The recovery of liver function in patients with anti-TB DILI ensures the smooth progress of anti-tuberculosis therapy. Silibinin capsules can be used for patients with lower financial resources and lower treatment expectations. But if the patient requires a better recovery of liver function, bicyclol is the preferred therapeutic regimen. A variety of anti-liver injury drugs with different efficacy, safety, and prices are available in China. Anti-TB DILI patients and clinicians should choose appropriate drugs that can not only recover patients’ liver functions and keep their tuberculosis treatment going, but also ensure the economy and safety of the therapy.
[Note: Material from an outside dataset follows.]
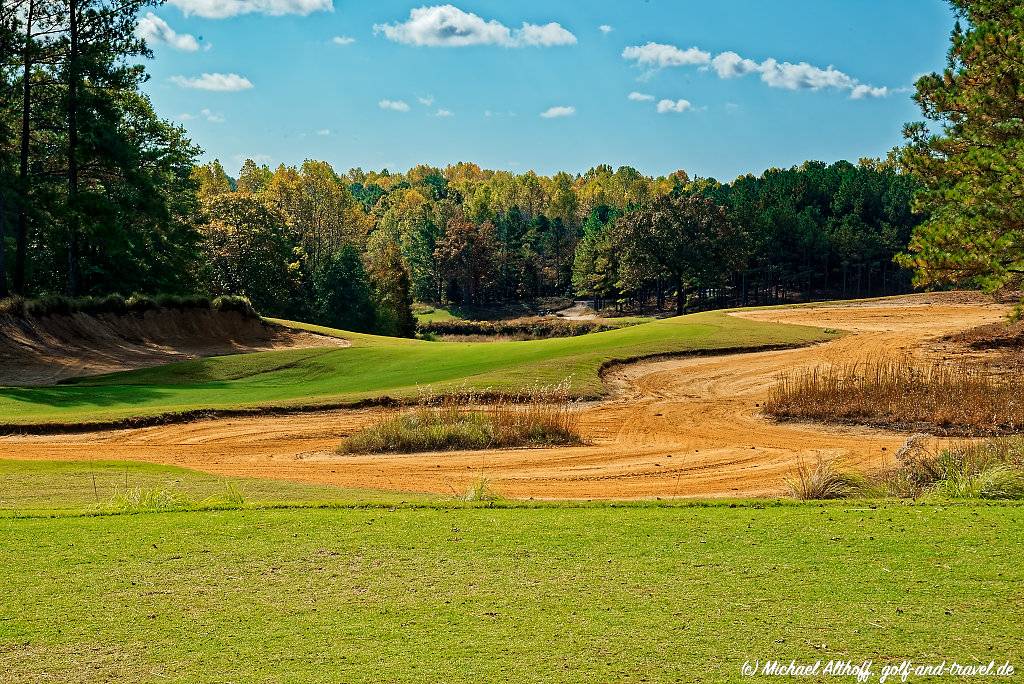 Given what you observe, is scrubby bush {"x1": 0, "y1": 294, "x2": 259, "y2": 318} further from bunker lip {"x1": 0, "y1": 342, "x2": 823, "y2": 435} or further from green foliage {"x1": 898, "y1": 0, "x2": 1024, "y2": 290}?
green foliage {"x1": 898, "y1": 0, "x2": 1024, "y2": 290}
According to the Chinese Society of Hepatology guidelines for the diagnosis and treatment of DILI, the principles for DILI treatment included treating DILI with appropriate anti-inflammatory and hepatoprotective agents according to the clinical patterns of DILI [22]. Research confirms that glycyrrhizin has a protective efficacy against liver damage caused by rifampin and isoniazid [23, 24] and has good therapeutic efficacy against anti-TB DILI [25]. Silibinin is a flavonoid derived from the fruit of milk thistle (Silybum marianum), which has many pharmacological actions including resisting lipid peroxidation, eliminating free radicals, maintaining stabilization of the cell membrane, and promoting hepatocellular regeneration [26, 27]. It can effectively prevent anti-TB DILI [28]. Bicyclol has anti-inflammatory and hepatic protective pharmacological action on several experimental liver injuries. Its mechanism of action is closely related to the increase of anti-inflammatory factors, the elimination of free radicals, anti-lipid peroxidation, and the protection of biological membranes and mitochondrial function [29, 30, 31]. Clinical studies have confirmed that bicyclol can prevent and cure anti-TB DILI [32].

5. Conclusions

With the advantage of cost-effectiveness, bicyclol can be used as a safe, efficient, and economical anti-liver injury drug to treat anti-TB DILI. This study explored the prospective economic evaluation of the treatment of anti-TB DILI with anti-liver injury drugs. Because of the limited number of cases included in the study, only the pharmacoeconomic analysis of a 4-week course was conducted, and indirect costs, implicit costs, and direct nonmedical costs were not calculated in this study. It is necessary to carry out a larger-scale and more thorough pharmacoeconomic study to evaluate the economic effect of anti-liver injury drugs in anti-TB DILI treatment.

Footnotes

Conflicts of interest: Authors state no conflict of interest.